In a way, there are a lot of similarities between Mutual Funds and Hedge Funds. In the both types of investments, a group of investors pool their money and invest in different type of securities. The main misconception about the funds is that people think that they are similar and the terms are interchangeable. In reality, they are not same and there is a very thin line between them. The main difference between these two funds is that in a Hedge fund the number of investors is very less while the Mutual fund has a large number of investors.
In simple words, a mutual fund can be considered an investment vehicle in which a group of people pools the money and a fund manager invests those funds in different securities. The manager often charges a fee for the administration of the fund, which depends on the size of the investment.
A hedge fund is an investment portfolio which is managed under investment partnership. These types of funds are a private portfolio of investments which uses highly advanced strategies for the investment and risk management.
The key differences between Mutual and Hedge funds
- A hedge fund is a privately owned portfolio investment in which only a few investors are allowed. However, a mutual fund is a professionally managed investment plan where a number of investors pool their money to buy securities.
- The main aim of hedge funds is assured returns while mutual funds aim at relative returns.
- The owner of mutual funds can be thousands in number while in hedge funds the number of investors is very limited.

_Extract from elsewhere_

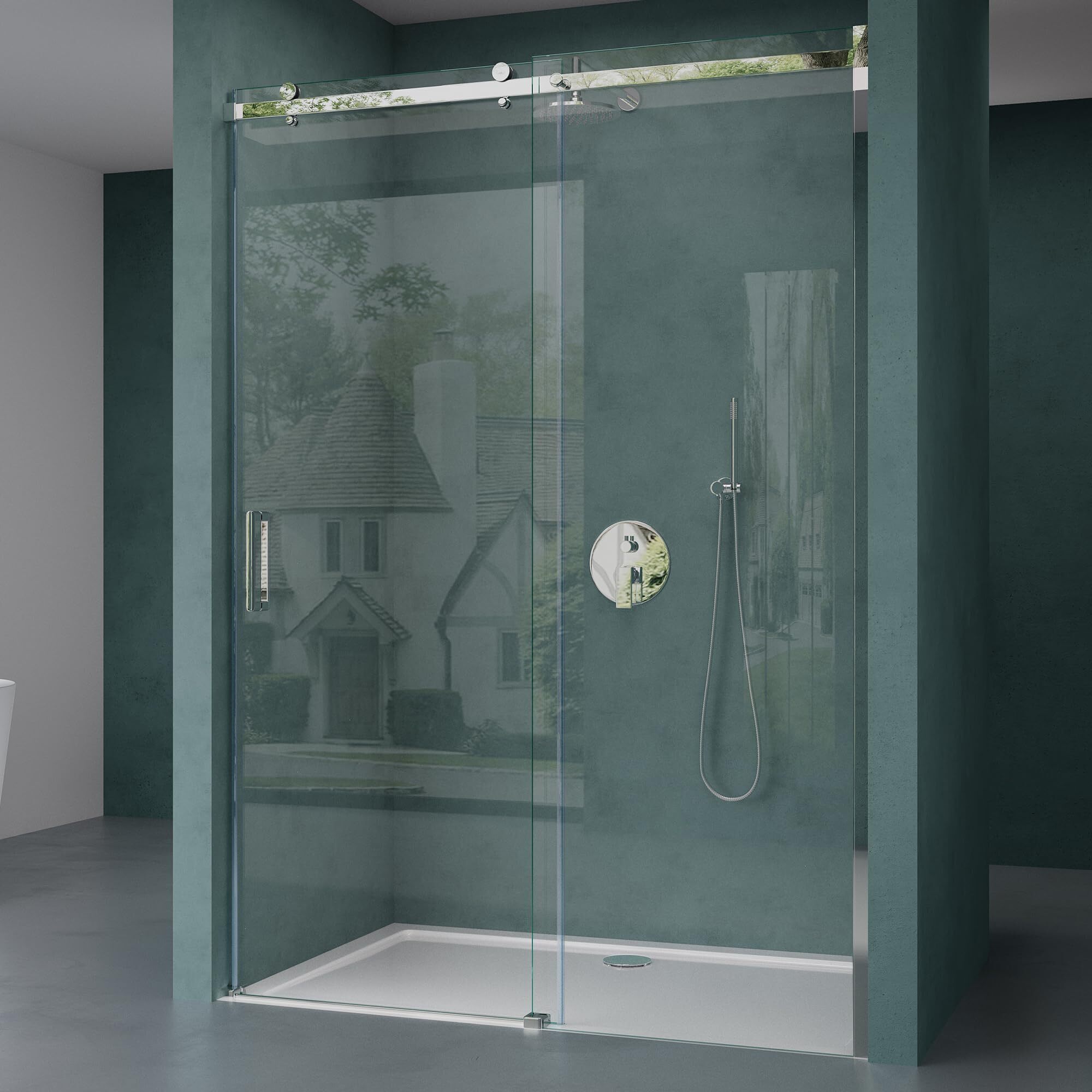 Mai & Mai Nischentür Duschtür Schiebetür 155cm Höhe:195cm Duschabtrennung 8mm Sicherheitsglas mit Nanobeschichtung Ter04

- The hedge funds are managed with highly advanced strategies and risk management techniques to ensure good returns which are not in the case of mutual funds.

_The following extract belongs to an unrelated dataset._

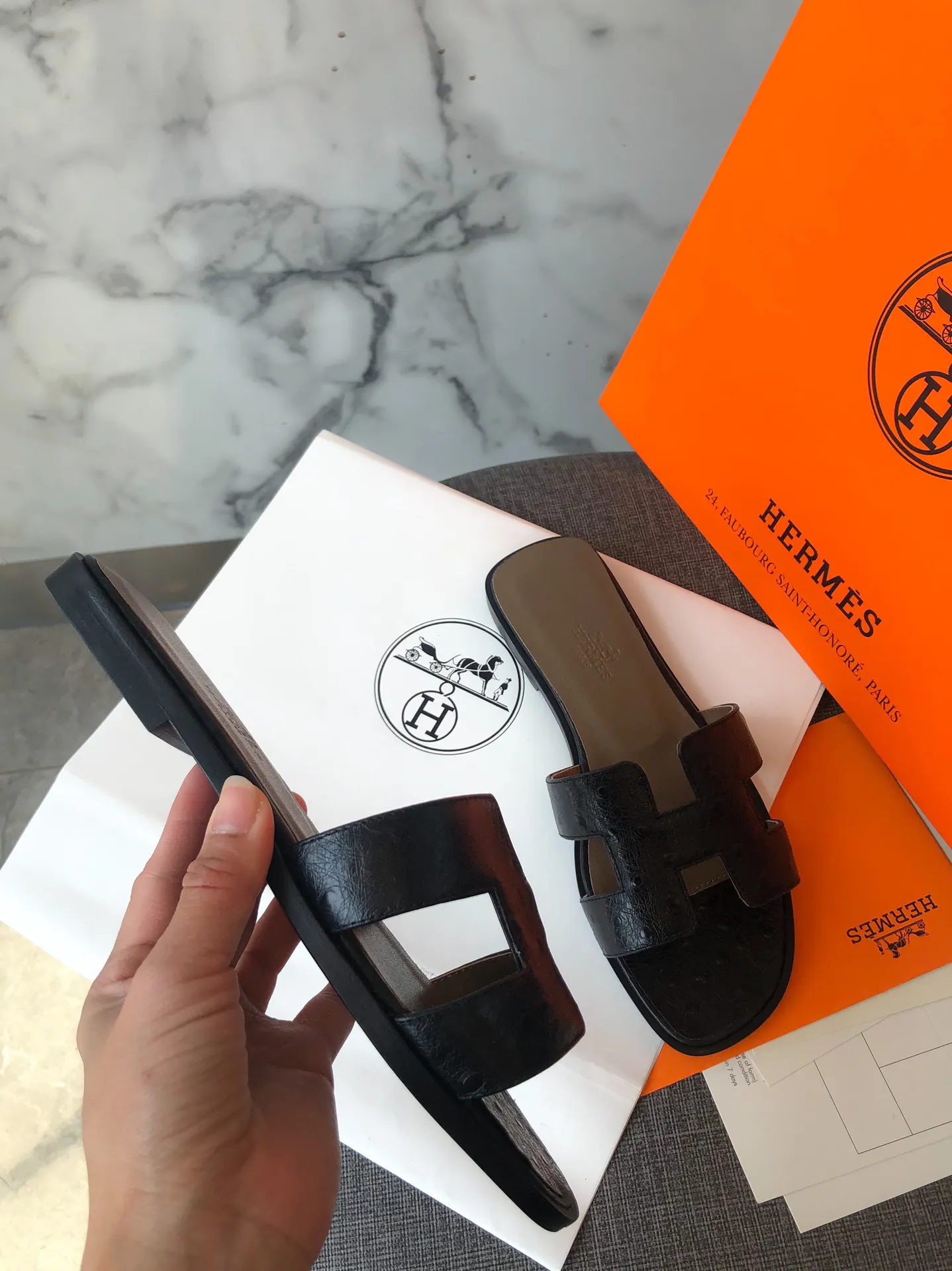 Hermès Leather Slides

- The hedge funds have high profile investors while the mutual funds include retail investors who invest relatively small amounts.
- Hedge funds have very limited regulations from the government side, however, in the case of mutual funds, the Securities Exchange Board of India (SEBI) issued guidelines from time to time.
- In the hedge funds, the management fees depend on the returns on the investment while in the case of mutual funds the management fees depend on the assets that are being managed.
- In mutual funds, the asset manager does not hold any substantial interest while in hedge funds the person or company that manages the funds also owns a large part of the investment.
- When it comes to mutual funds, the reports about the investments and returns have to be published yearly. Also, the disclosure of the investments has to be made public every six months. While in hedge funds the information about the investments and returns is released to the investors only.
The investments in both funds depend basically on the recourses you own. If you have a lot of funds you can invest in hedge funds. In case you have limited resources, you can choose to invest in one or two mutual funds depending on what kind of returns you are looking for.